Berita

Politik

Langkah Taktis Presiden Jokowi

JUMAT, 17 JUNI 2016 | 10:46 WIB | OLEH: JOHAN O. SILALAHI

PENCALONAN Tito Karnavian menjadi Kapolri oleh Presiden Jokowi harus diakui merupakan terobosan yang brilian dan sangat berani dalam sejarah kepresidenan di Indonesia.

Pencalonan Kapolri baru ini telah memotong beberapa generasi, demi mewujudkan visi dan misi melakukan reformasi dan revolusi mental di institusi Polri. Hal ini tentunya dilakukan dengan strategi dan taktik tersendiri. Dalam pencalonan Kapolri baru ini, Presiden Jokowi menunjukkan bahwa kendali kepemimpinan negeri ini sepenuhnya ada di tangannya.

Segi positifnya adalah Tito memang sangat pantas dan merupakan salah seorang perwira terbaik dalam sejarah Polri. Berdasarkan rekam jejaknya, tidaklah heran Tito bisa berprestasi cemerlang di institusi Polri. Sejak mudanya dahulu, Ia memang seorang pelajar yang cerdas dan berprestasi. Dengan kesadaran dan tanggung jawab penuh, Tito memilih untuk berkarir dan mengabdi sebagai Bhayangkara negeri.

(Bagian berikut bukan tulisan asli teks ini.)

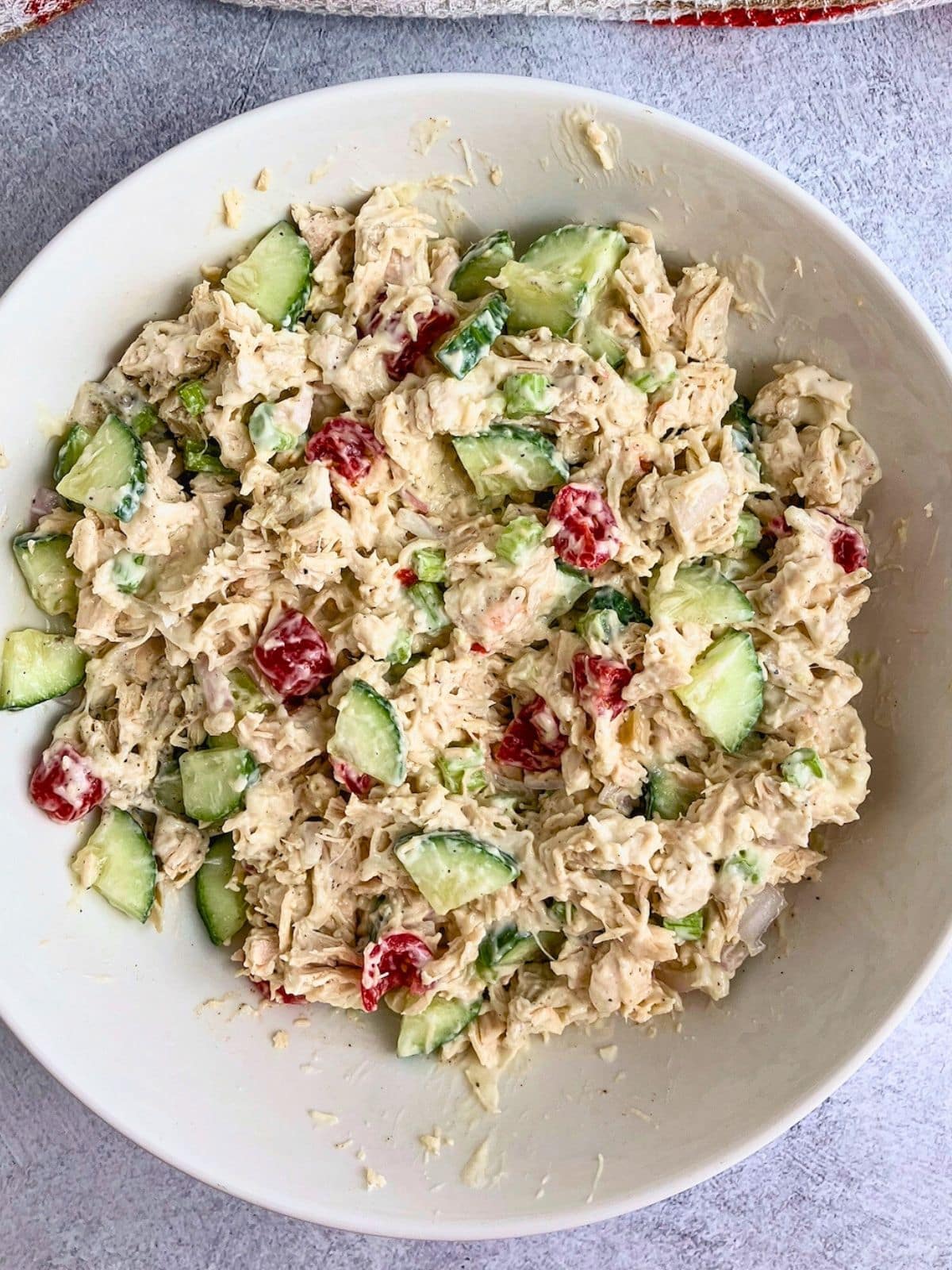 A white serving bowl filled with homemade chicken salad.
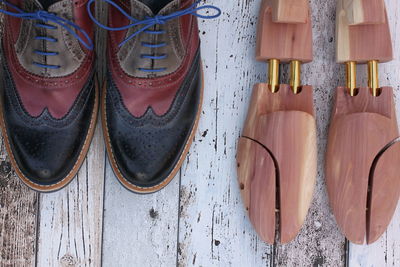 Directly above view of leather shoes on floorboard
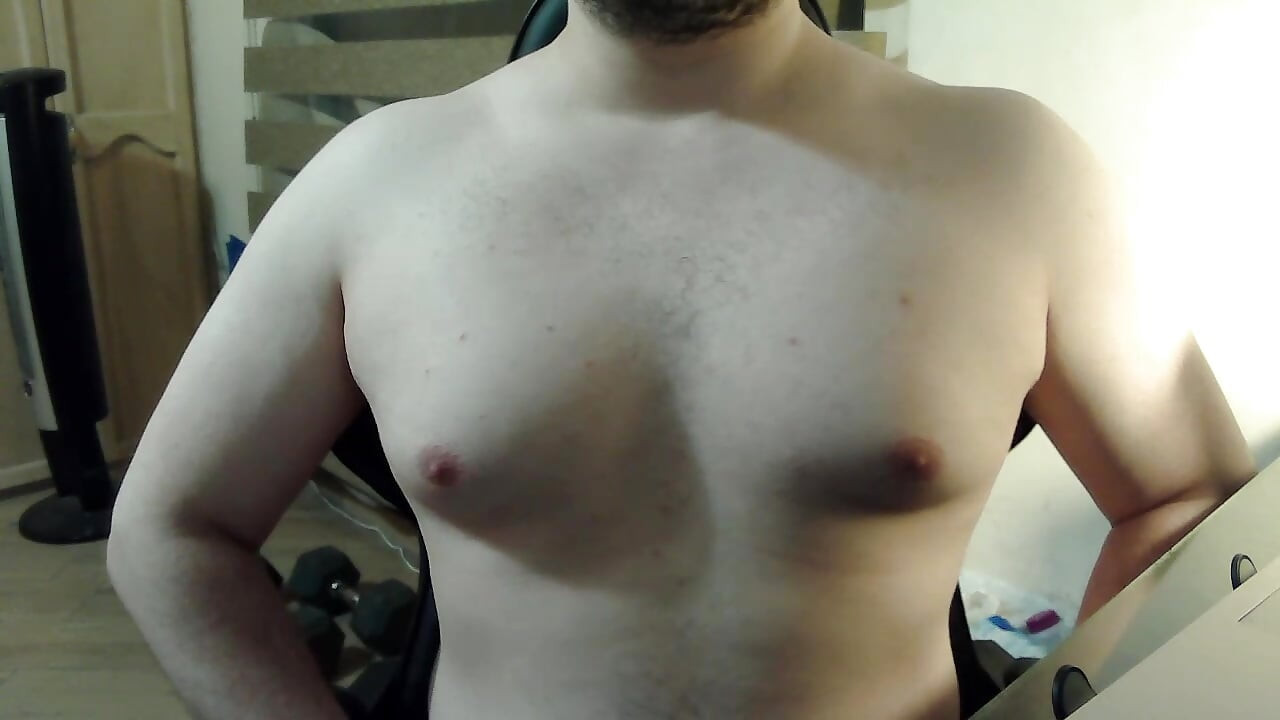 Flexing and bouncing pecs on cam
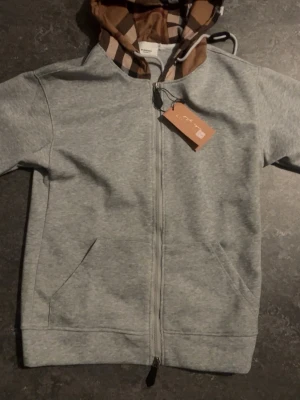 Grå hoodie från Burberry med dragkedja - Snygg grå hoodie från Burberry med hel dragkedja och klassiskt rutmönstrat foder i huvan. Hoodien har två fickor framtill och ribbade muddar. Perfekt för en stilren och avslappnad look.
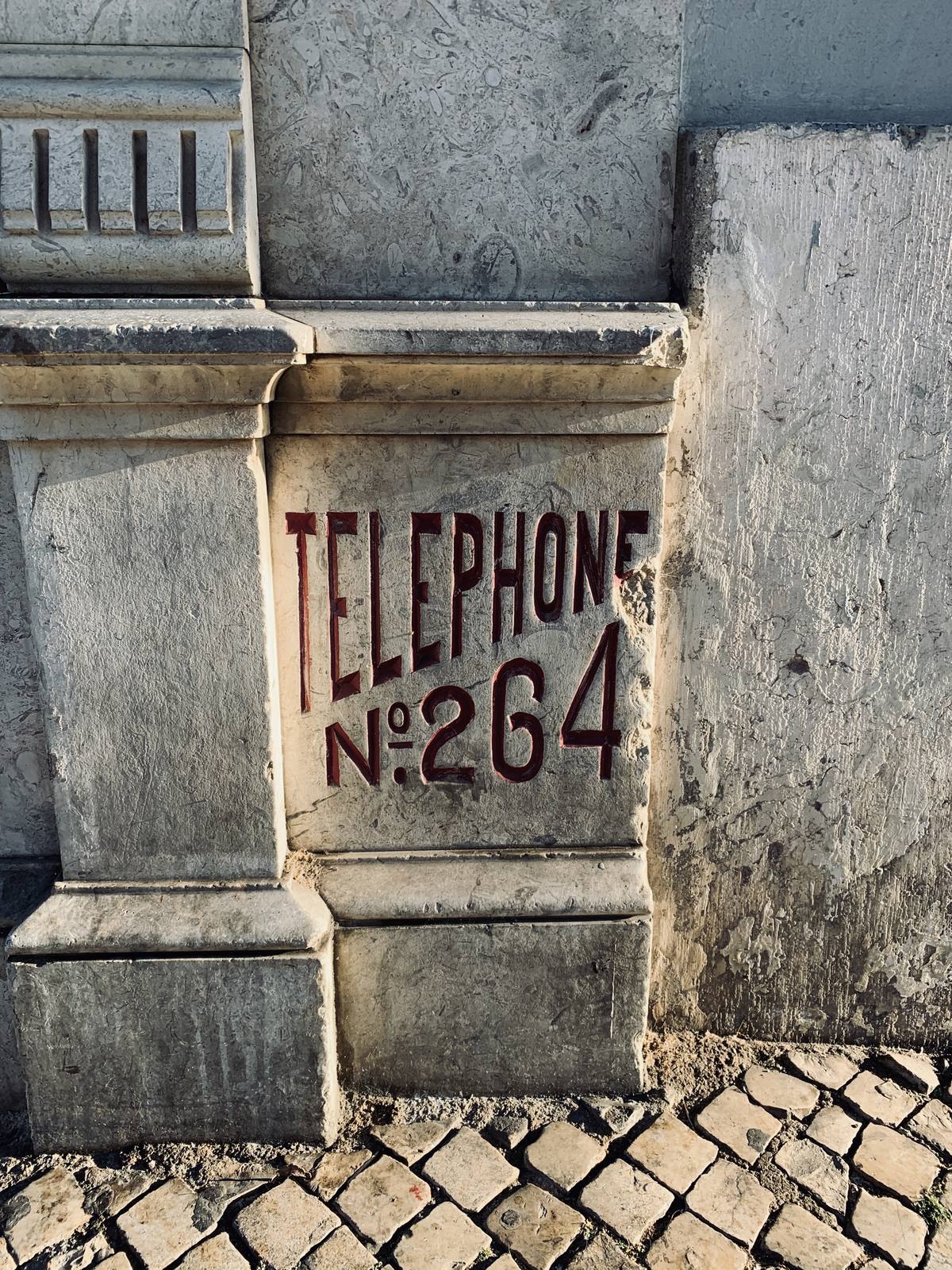 No. 264, Carved In Stone, Príncipe Real, Lisbon — Raking warm light on carved stone inscription — graphic, deliberate, typographic; cobblestones ground it in Lisbon; no clutter, no people, prints clea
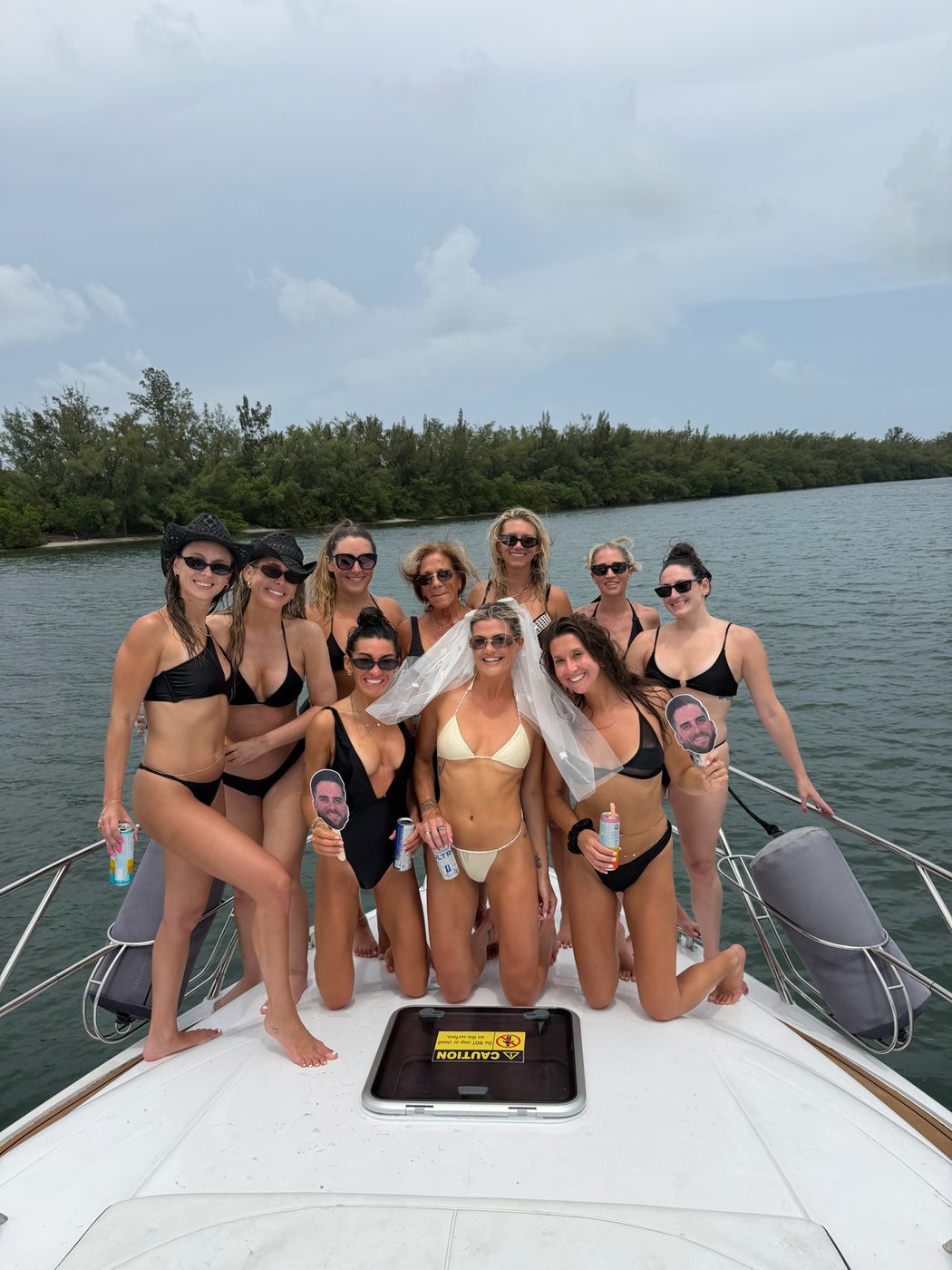 Bachelorette party group posing with veil and photo props on the bow of a yacht in Miami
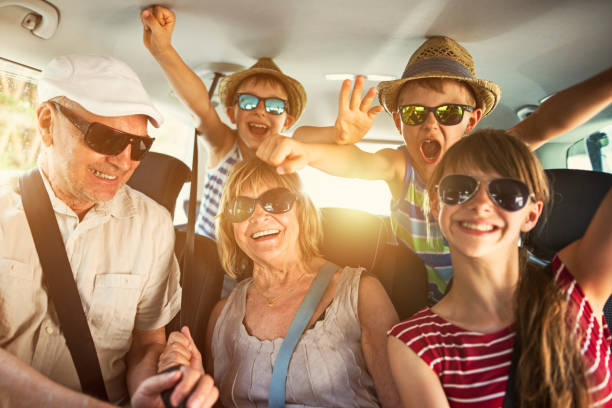 Grandparents having fun on road trip with grandchildren Senior couple aged 70 and their three grandchildren aged 11 and 7 are having fun during road trip. 

 car interior photos stock pictures, royalty-free photos & images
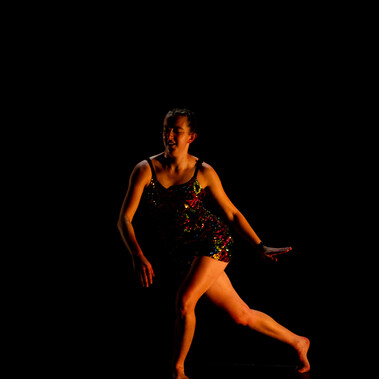 Charlotte Mclean, the performer, is photographed sidestepping along the stage. The backdrop and stage floor are pitch black.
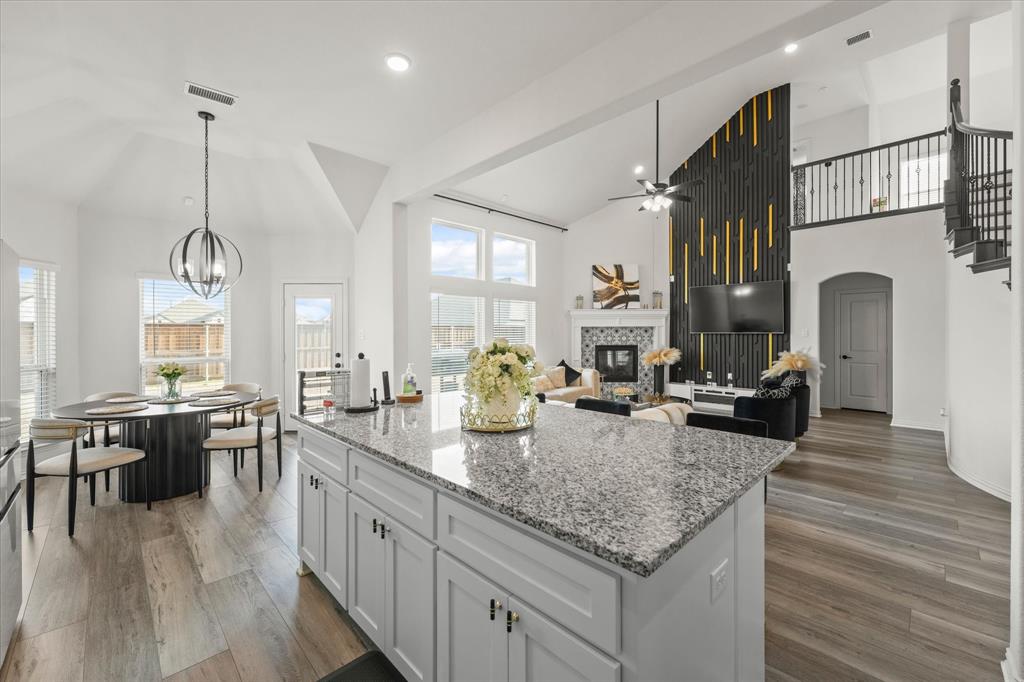 1111 Alaska Drive Forney, TX 75126 - Photo 28 of 30 a kitchen with sink stove and cabinets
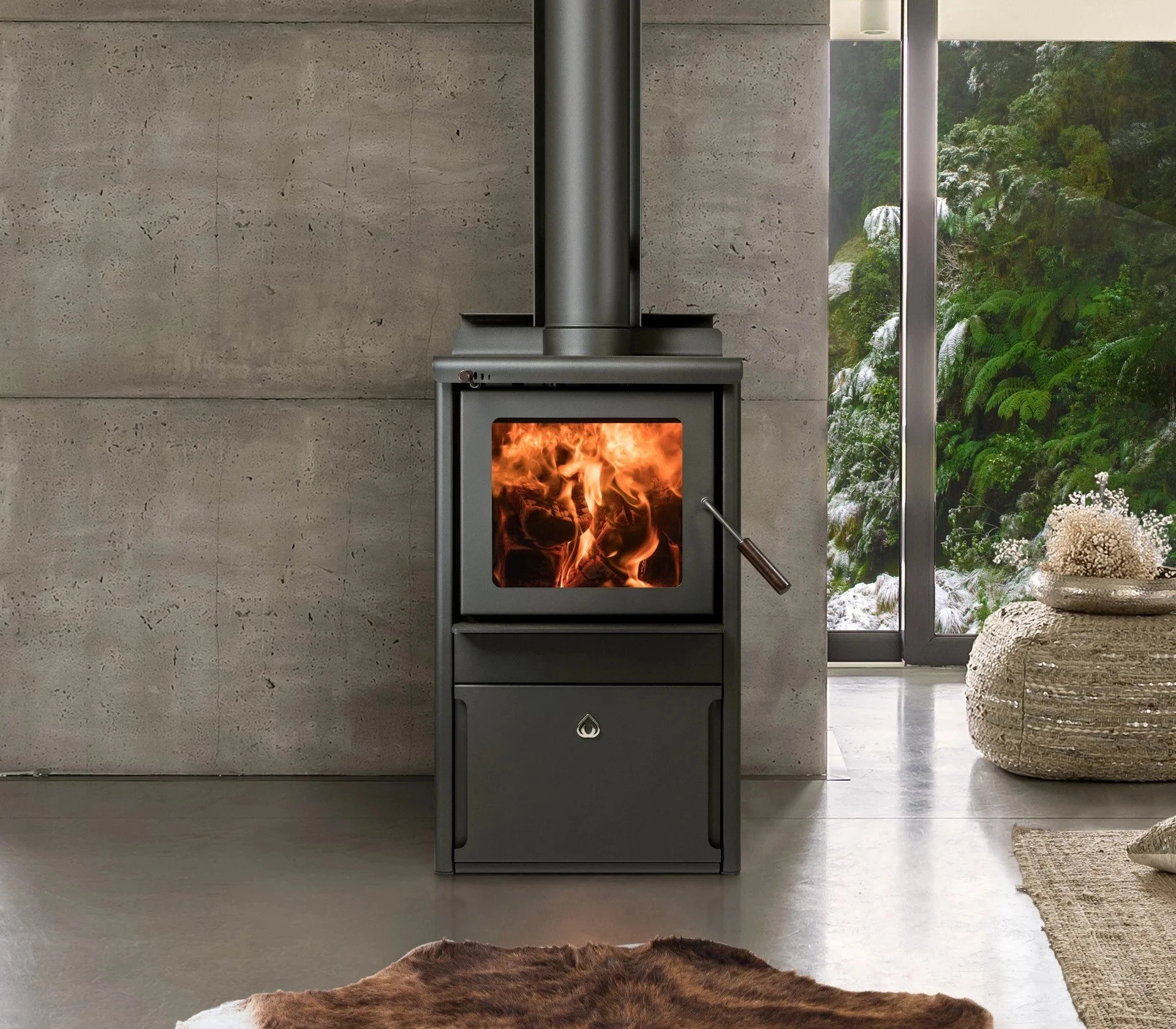 Modern wood-burning stove with visible flames, set against a concrete wall, near a large window with a forest view. Cozy interior with a fur rug and woven poufs.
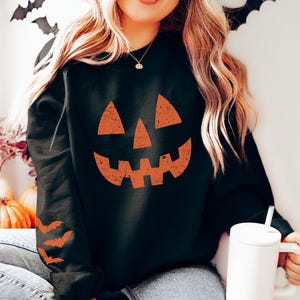 May include: Black Halloween sweatshirt featuring a jack-o'-lantern face in orange. The sweatshirt has orange bat graphics on the left sleeve. The image includes a white tumbler with a straw, pumpkins, and decorative bats.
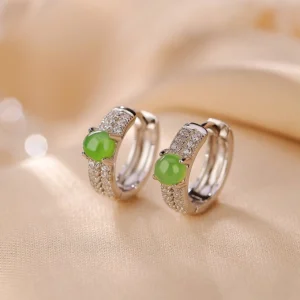 Cyan jade and sterling silver hoop earrings side view with soft bokeh background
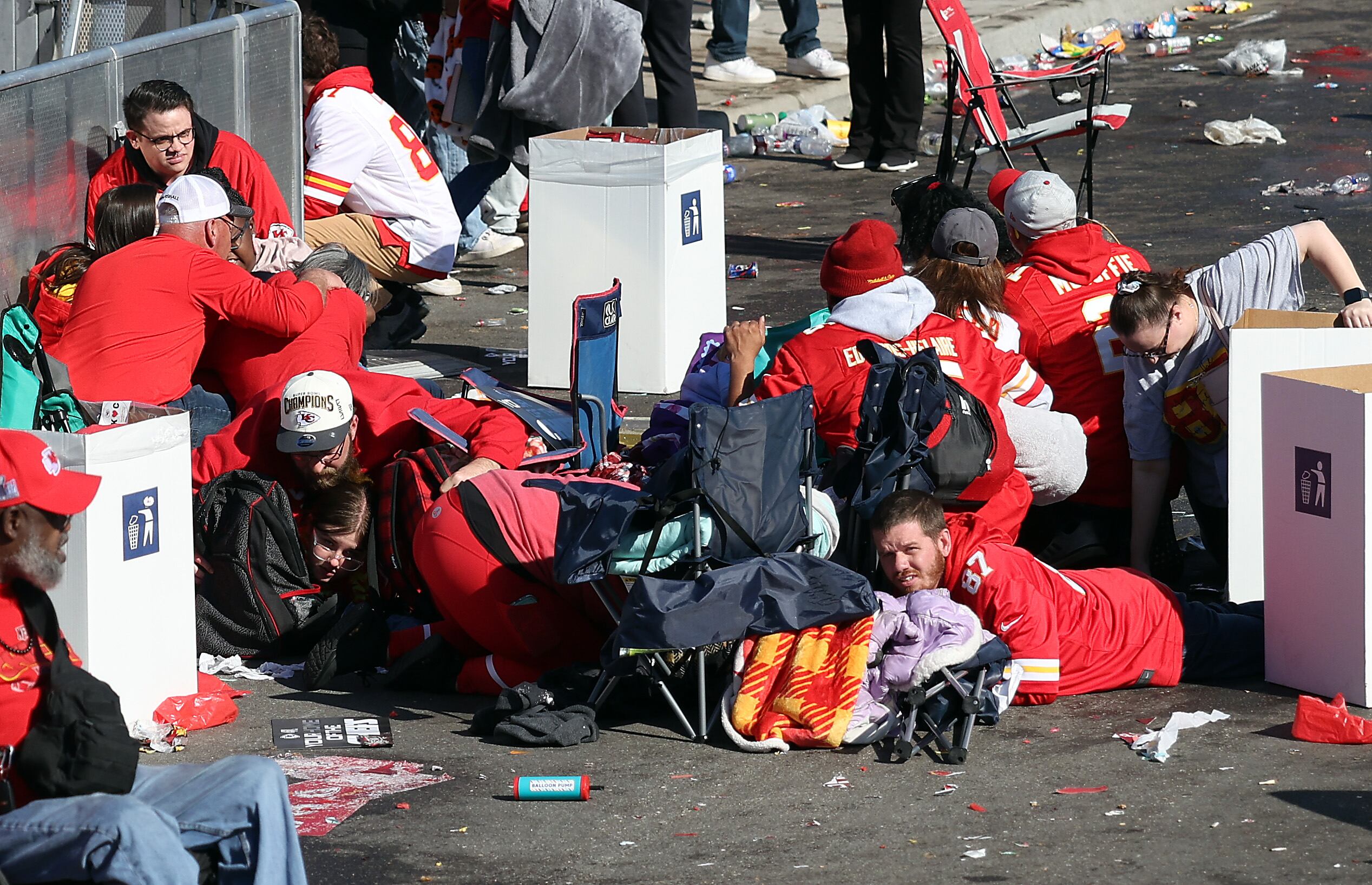 Personas se cubren por los tiroteos en Kansas, en la celebración tras la victoria de los Chiefs en la SuperBowl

Terpilihnya Tito menjadi Kapolri akan menjadi contoh dan teladan yang baik bagi seluruh kader di tubuh Polri, untuk berlomba-lomba berprestasi dan menjadi yang terbaik supaya bisa menjadi pucuk pimpinan Polri. Konon pada masa kelam dahulu, ada banyak isu bahwa untuk menjadi pejabat tinggi Polri harus bisa rutin menyetor sejumlah dana tertentu kepada atasannya. Tidak heran jika penegakan hukum sulit dilakukan oleh Polri.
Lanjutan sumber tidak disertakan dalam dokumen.